Historical Background

The Syrian refugee crisis is widely known as the largest humanitarian displacement crisis in the world. After a violent government crackdown on public demonstrations in 2011, the country descended into a civil war that forced millions of Syrian families to flee their homes. Over 14 million people have been displaced within and outside of Syria since March 2011. The majority of Syrian refugees have sought safety in neighboring countries, with Turkey hosting the largest refugee population by a single country worldwide: over 3 million. Lebanon has also received a large influx; approximately 1.5 million Syrian refugees live in the country. Hosting this community has placed a burden on Lebanon’s available resources, exposing the inability of Lebanese politicians to provide basic services or jobs to their own citizens. Lebanese leaders have accused Syrian refugees of taking Lebanese jobs, though the World Bank found this claim to be untrue.
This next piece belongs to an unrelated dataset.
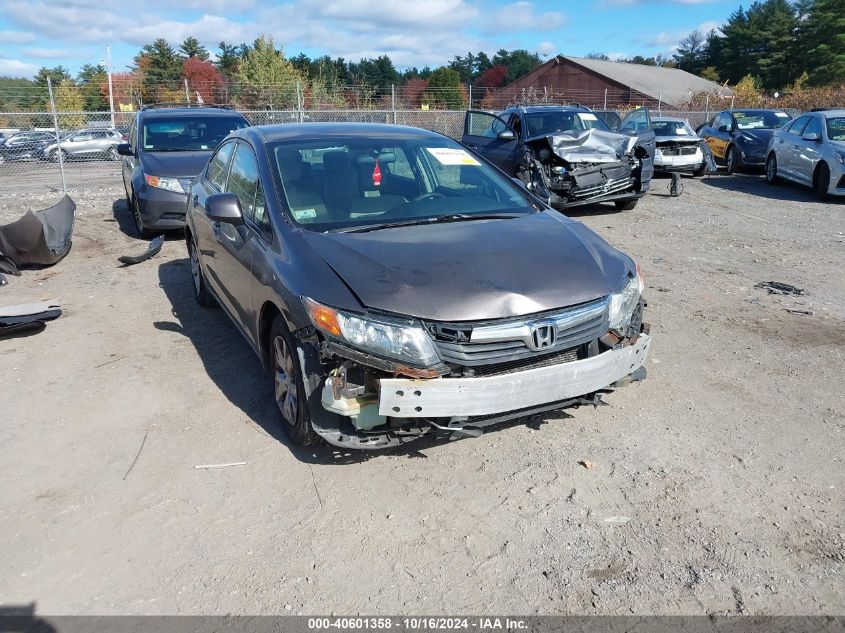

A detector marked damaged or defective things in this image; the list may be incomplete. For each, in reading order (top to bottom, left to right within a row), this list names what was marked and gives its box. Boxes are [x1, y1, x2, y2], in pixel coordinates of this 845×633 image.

broken headlight housing [302, 296, 436, 366]
gray damaged car [181, 123, 648, 450]
broken headlight housing [608, 266, 640, 334]
detached bumper cover [380, 334, 648, 418]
The social treatment of Syrian refugees in Lebanon has also deteriorated as frustration grows with a financial crisis that started in October 2019 and was exacerbated by Covid and the Port of Beirut explosion in August 2020. In fact, the Spring 2021 Lebanon Economic Monitor found that Lebanon’s financial crisis ranks among the worst economic crises globally since the mid-nineteenth century. Mobs of angry Lebanese citizens have violently attacked Syrians, forcing many refugees to hide in their homes.

Additionally, Syrian refugees have increasingly been subjected to severe restrictions by the Lebanese government. Interior Minister Bassam Mawlawi ordered municipalities to check Syrians’ papers and close shops and businesses that employ undocumented Syrians. This crackdown is exacerbating Lebanon’s economic woes, as many parts of the Lebanese economy cannot function without the work of Syrian refugees. According to the Arab Center in Washington, DC, Syrians can be considered the “backbone of the low-wage labor force” in Lebanon. Unfortunately, both citizens and leaders alike have been influenced by misleading generalizations that fail to distinguish between refugees fleeing regime oppression and those seeking work without complying with labor laws. Therefore, Syrian refugees have faced marginalization and exploitation since the arrival of the first wave in 2011. Most Syrians are active contributors to Lebanese society; they should not be used as a political pawn to distract from Lebanon’s economic problems, nor as a cover to hide corruption in Lebanese executive and political administrations.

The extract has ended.